I have a very weird problem and hope someone can help me.
I have a main form (frmChangeOfControlForm) and it contains a tab control. Inside the tab control I have 2 pages. The first page has two subforms (one base on a table and one base on query). I don't have anything in the second page yet.
Everything works fine except when I edit other controls in the main form and accidentially "CLICK" in these subform area, Access will do a save on the record. I really don't want this to happen especally when I am adding new record as I may not want to save the record at all.
All in all, I want to save any updated record and new record when I actually hit the save button in the main form.
Yes. Sorry, I was being a bit vague there. To clarify:
Unbind the fields on the main form, with the exception of the key field. By doing that, the mainform's content (which the user might modify) is disconnected from the underlying recordset and therefore won't be effected by stray clicks that may force a save. Only your save button will do the saving.
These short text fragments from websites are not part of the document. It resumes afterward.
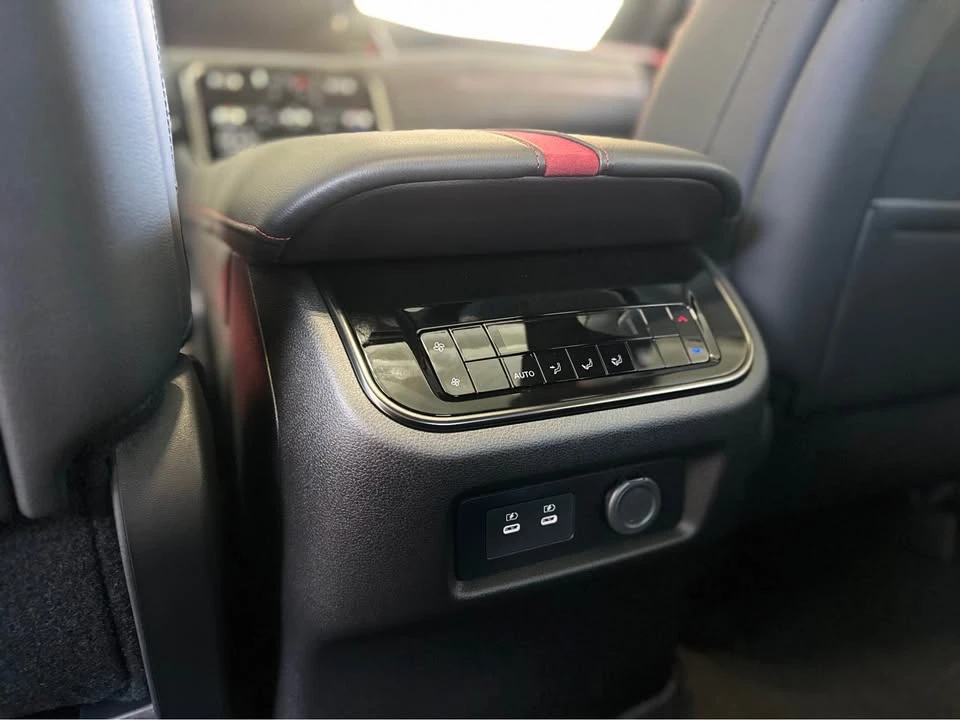 2026 Nissan Armada - Image 16 of 18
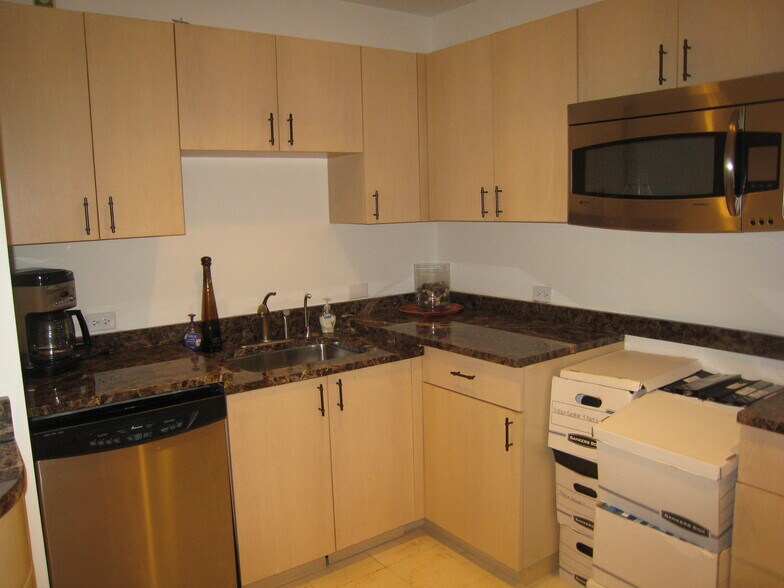 More Photos Of 1680 Michigan Ave, Miami Beach Office For Sale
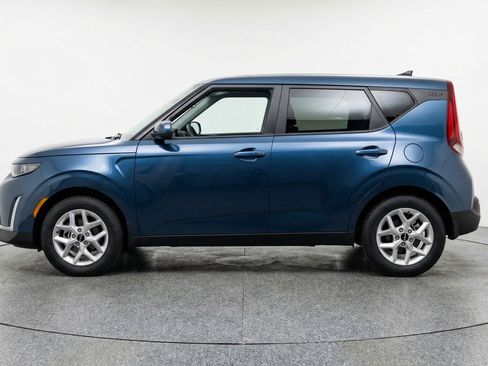 Used 2025 Kia Soul LX w/ LX Technology Package FWD image 5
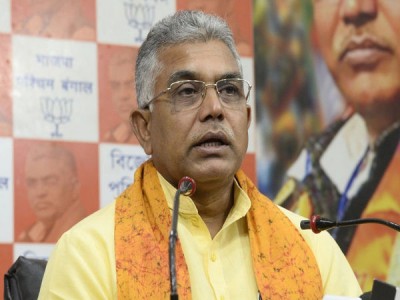 'Govt should send money directly into the account of the storm victims',  demands Bengal BJP President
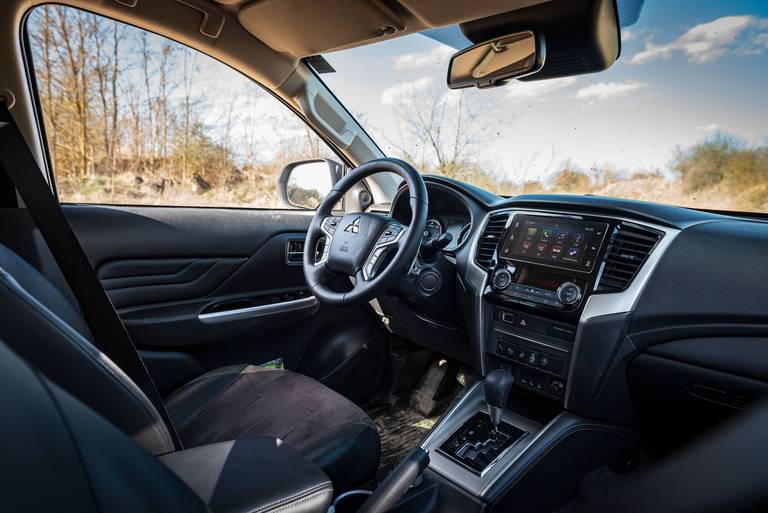 Mitsubishi-L200-Interieur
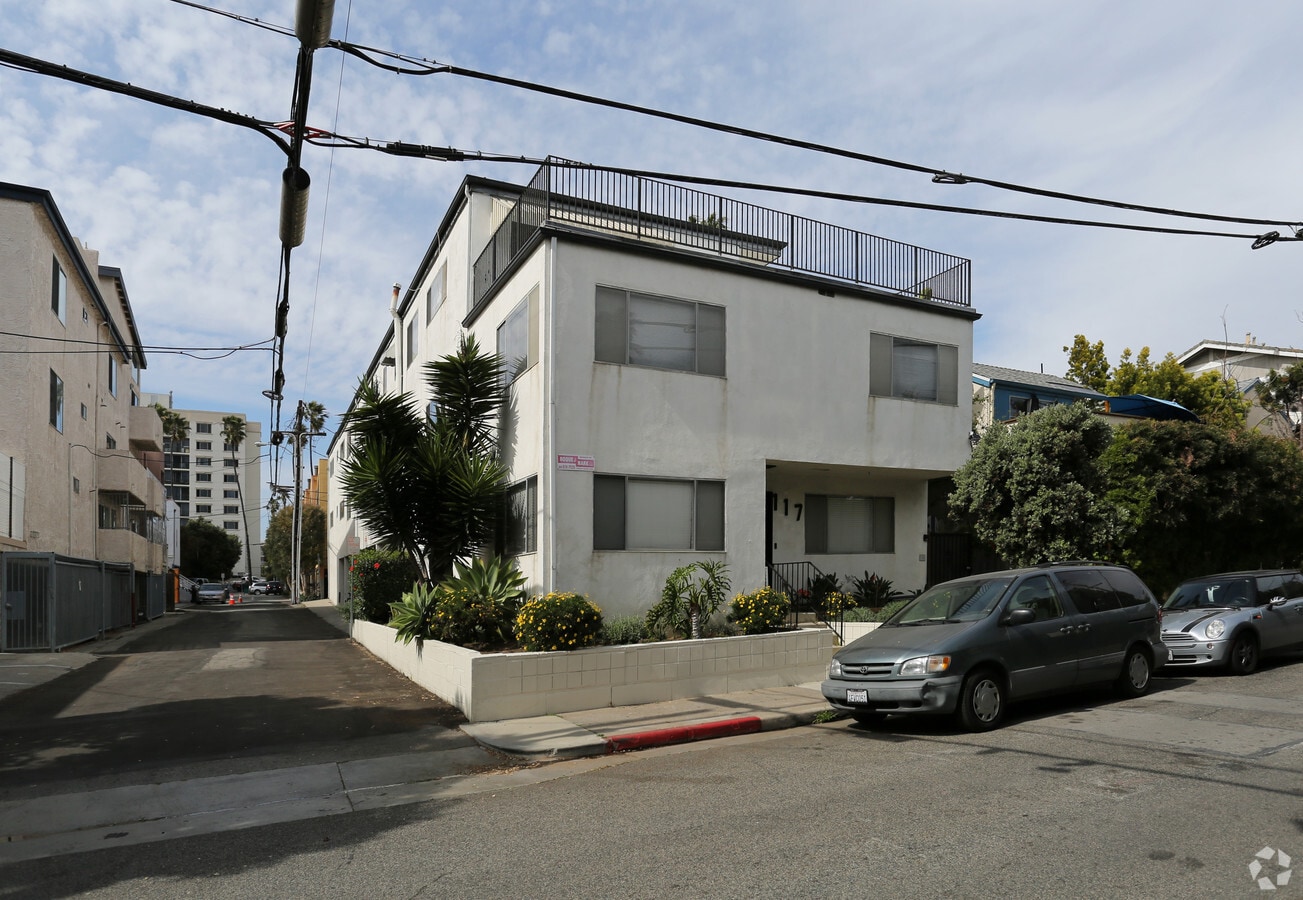 Primary Photo - 117 Strand St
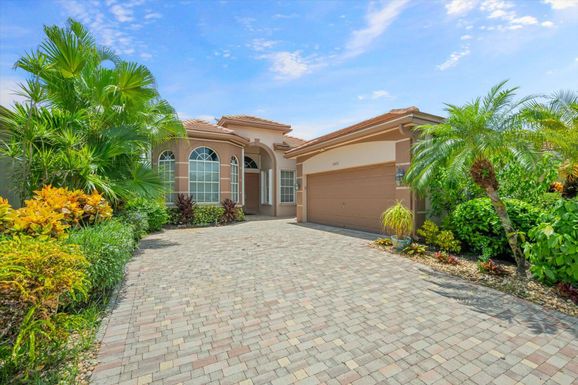 10870 Royal Devon, Lake Worth, FL 33449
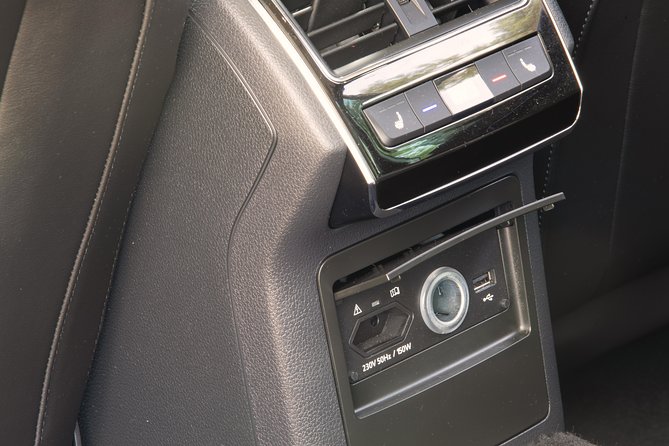 Prague to Karlovy Vary Private Transfer - What the Skoda Superb means for your ride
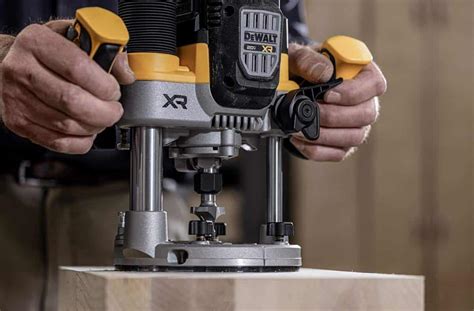 Dewalt Announces Cool New Cordless Dedicated Plunge Router — Compact Equipment Magazine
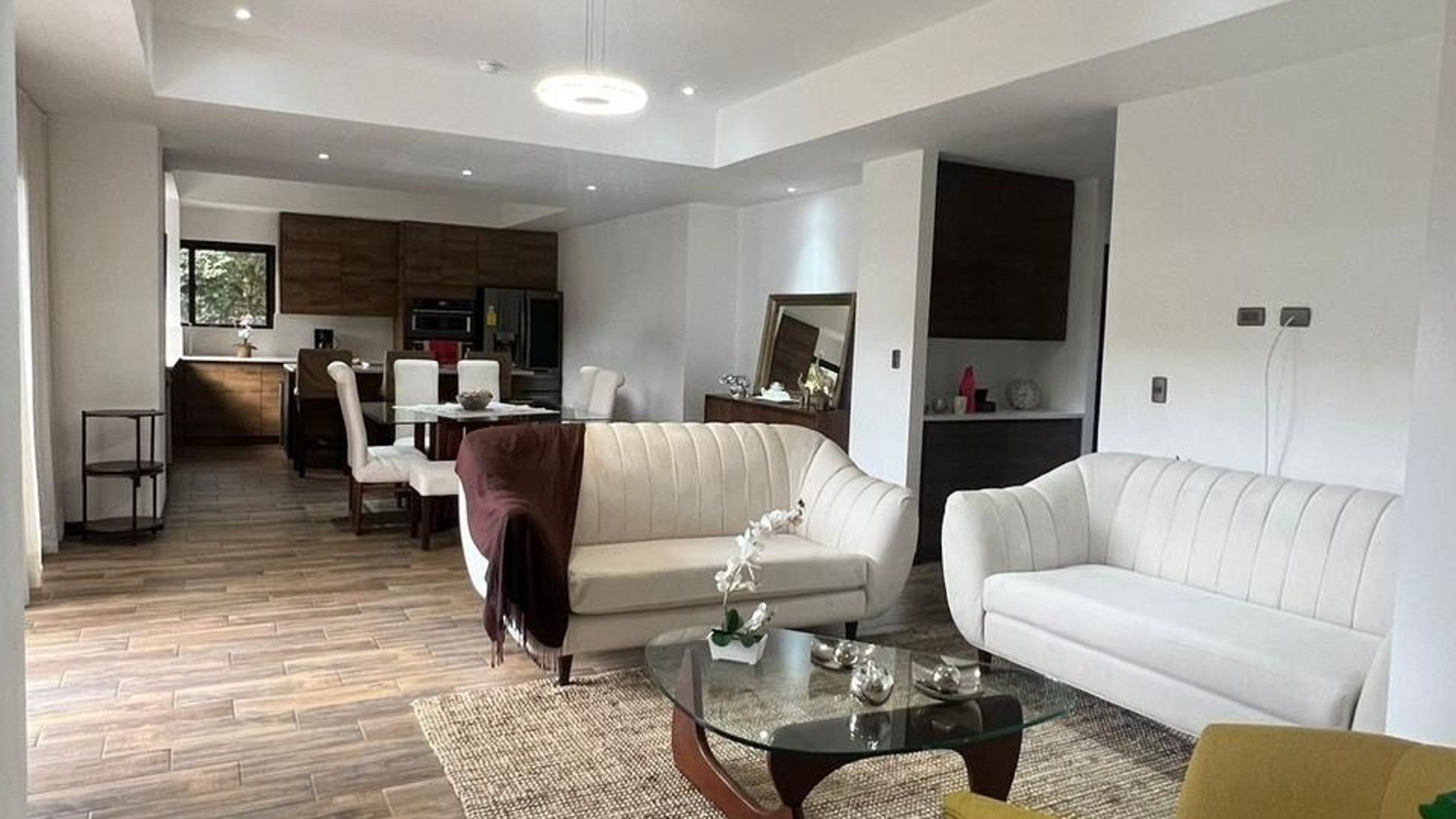 🔰 ZONA 16 – SE ALQUILA APARTAMENTO AMUEBLADO CERCA DE LA EMBAJADA AMERICANA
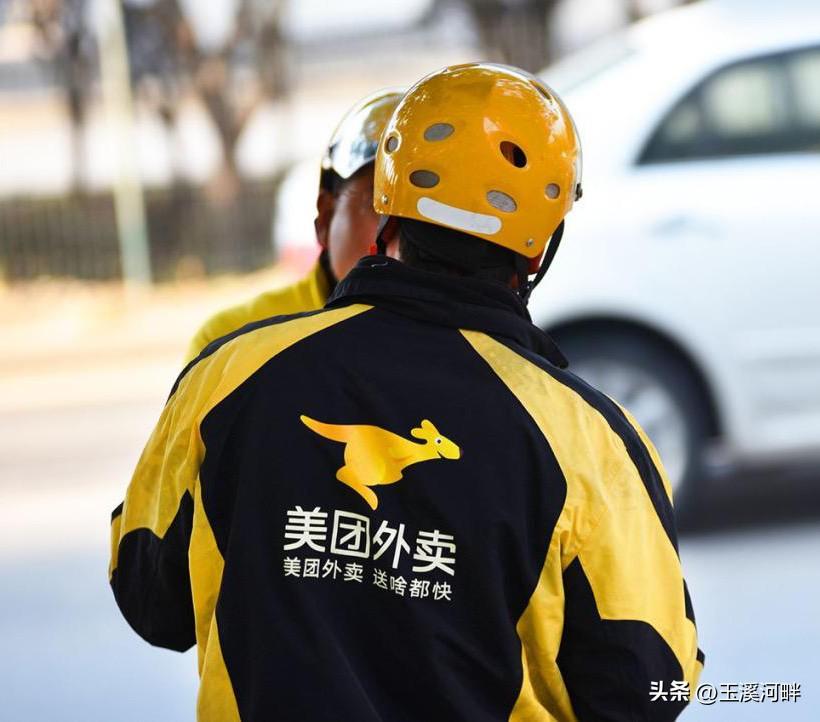 堂哥供儿子上大学花费十几万，现在父子一起跑快递
堂哥50岁了，初中毕业就进厂打工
But... the bigger question is "Is it worth it?". Why not just allow the save? If you later decide you don't want to allow the save, just delete the record? It's certainly less work for you.
I really need to think about your suggestion carefully. This particulare form was intended not to allow any deletion. This is part of the Business Continuity solution for the company. We don't want user to be able to delete the form. May be I need to convince them to allow the deletion. Maybe completely lock down those approved forms.
Not necessarily. You can disallow users the ability to delete records with a form and in that same form, code can be written to delete records. So you can have a form where users cannot delete records with and if your logic should determine that the record should never have been entered (after a save) then you could automatically delete the record.
However, it is also true that you should carefully consider allowing users to delete records (at least some of them) otherwise mistaken entries can clutter up your data - destroying the integrity of reports until a manager deletes mistaken data (if it's ever reported).